Compared to traditional visual question answering, video-grounded dialogues require additional reasoning over dialogue context to answer questions in a multiturn setting. Previous approaches to video-grounded dialogues mostly use dialogue context as a simple text input without modelling the inherent information flows at the turn level. In this paper, we propose a novel framework of Reasoning Paths in Dialogue Context (PDC). PDC model discovers information flows among dialogue turns through a semantic graph constructed based on lexical components in each question and answer. PDC model then learns to predict reasoning paths over this semantic graph. Our path prediction model predicts a path from the current turn through past dialogue turns that contain additional visual cues to answer the current question. Our reasoning model sequentially processes both visual and textual information through this reasoning path and the propagated features are used to generate the answer. Our experimental results demonstrate the effectiveness of our method and provide additional insights on how models use semantic dependencies in a dialogue context to retrieve visual cues.

1. INTRODUCTION

Traditional visual question answering (Antol et al., 2015; Jang et al., 2017) involves answering questions about a given image. Extending from this line of research, recently Das et al. (2017); Alamri et al. (2019) add another level of complexity by positioning each question and answer pair in a multi-turn or conversational setting (See Figure 1 for an example). This line of research has promising applications to improve virtual intelligent assistants in multi-modal scenarios (e.g. assistants for people with visual impairment). Most state-of-the-part approaches in this line of research (Kang et al., 2019; Schwartz et al., 2019b; Le et al., 2019) tackle the additional complexity in the multi-turn setting by learning to process dialogue context sequentially turn by turn. Despite the success of these approaches, they often fail to exploit the dependencies between dialogue turns of long distance, e.g. the 2 nd and 5 th turns in Figure 1 . In long dialogues, this shortcoming becomes more obvious and necessitates an approach for learning long-distance dependencies between dialogue turns. To reason over dialogue context with long-distance dependencies, recent research in dialogues discovers graph-based structures at the turn level to predict the speaker's emotion (Ghosal et al., 2019) or generate sequential questions semi-autoregressively (Chai & Wan, 2020) . Recently Zheng et al. ( 2019) incorporate graph neural models to connect the textual cues between all pairs of dialogue turns.
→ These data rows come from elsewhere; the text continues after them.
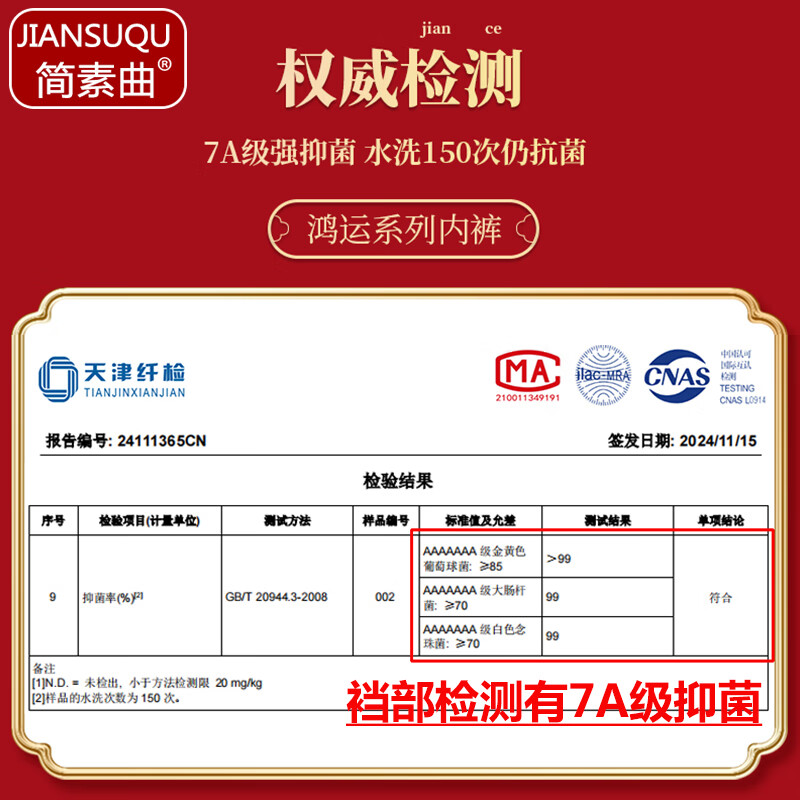 简素曲 纯棉大红男士内裤7A级抑菌本命年平角裤舒适透气四角骐骥红内裤 【平安+好运+发财+有钱】 4条 3XL （140-165斤）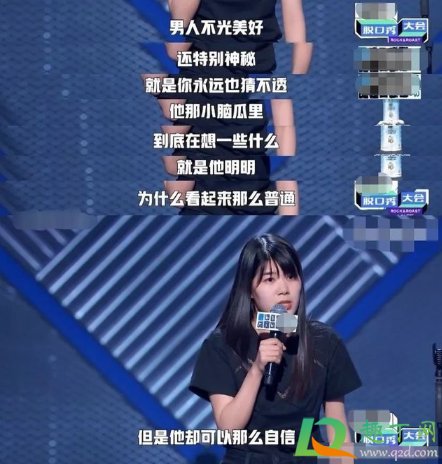 虽普但自什么意思梗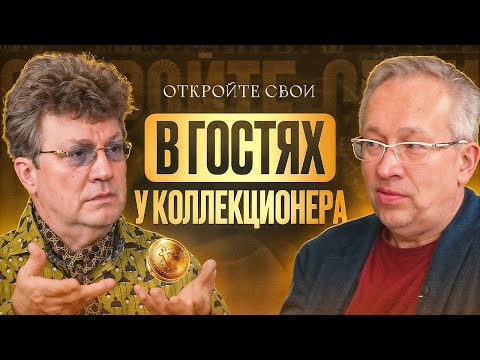 45 коллекций под одной крышей — экскурсия по удивительному дому Александра Борзунова.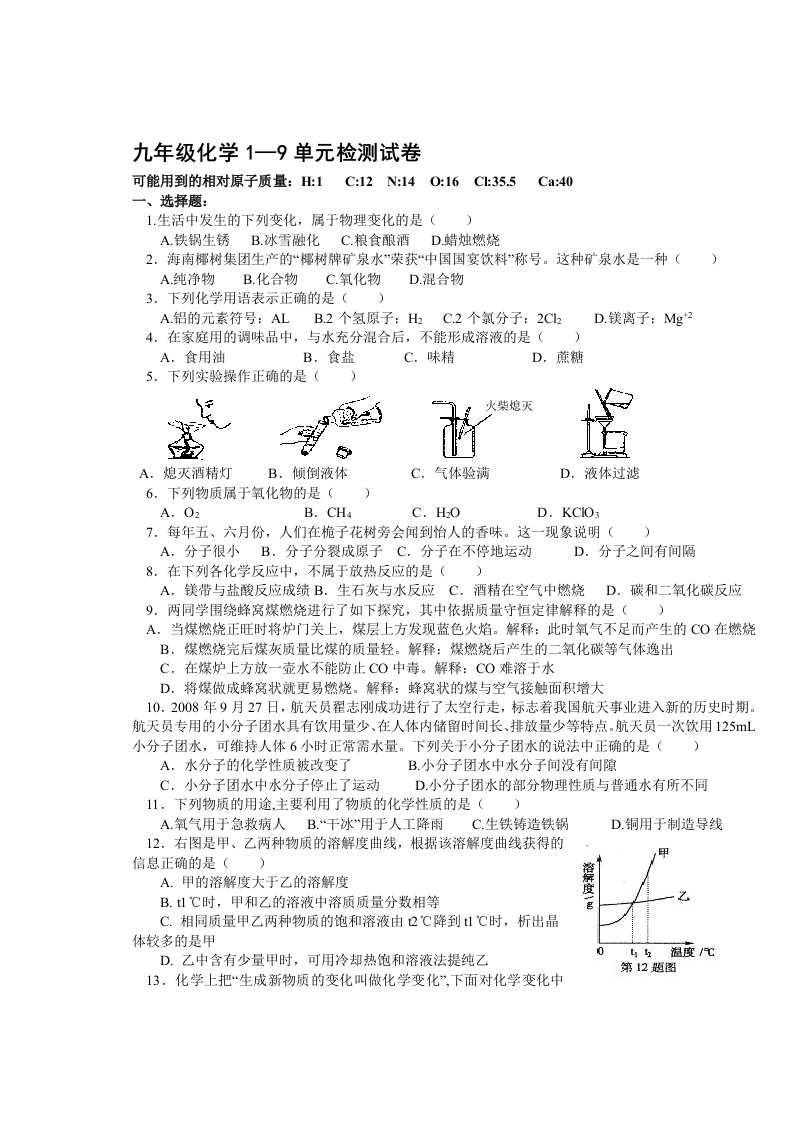 九年级化学1-9单元检测试卷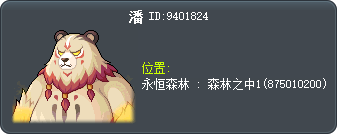 潘 Tooltip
These methods, however, involve a fixed graphical structure of dialogue turns, in which only a small number of nodes contains lexical overlap with the question of the current turn, e.g. the 1 st , 3 rd , and 5 th turns in Figure 1 . These methods also fail to factor in the temporality of dialogue turns as the graph structures do not guarantee the sequential ordering among turns. In this paper, we propose a novel framework of Reasoning Paths in Dialogue Context (PDC). PDC model learns a reasoning path that traverses through dialogue turns to propagate contextual cues that are densely related to the semantics of the current questions. Our approach balances between a sequential and graphical process to exploit dialogue information.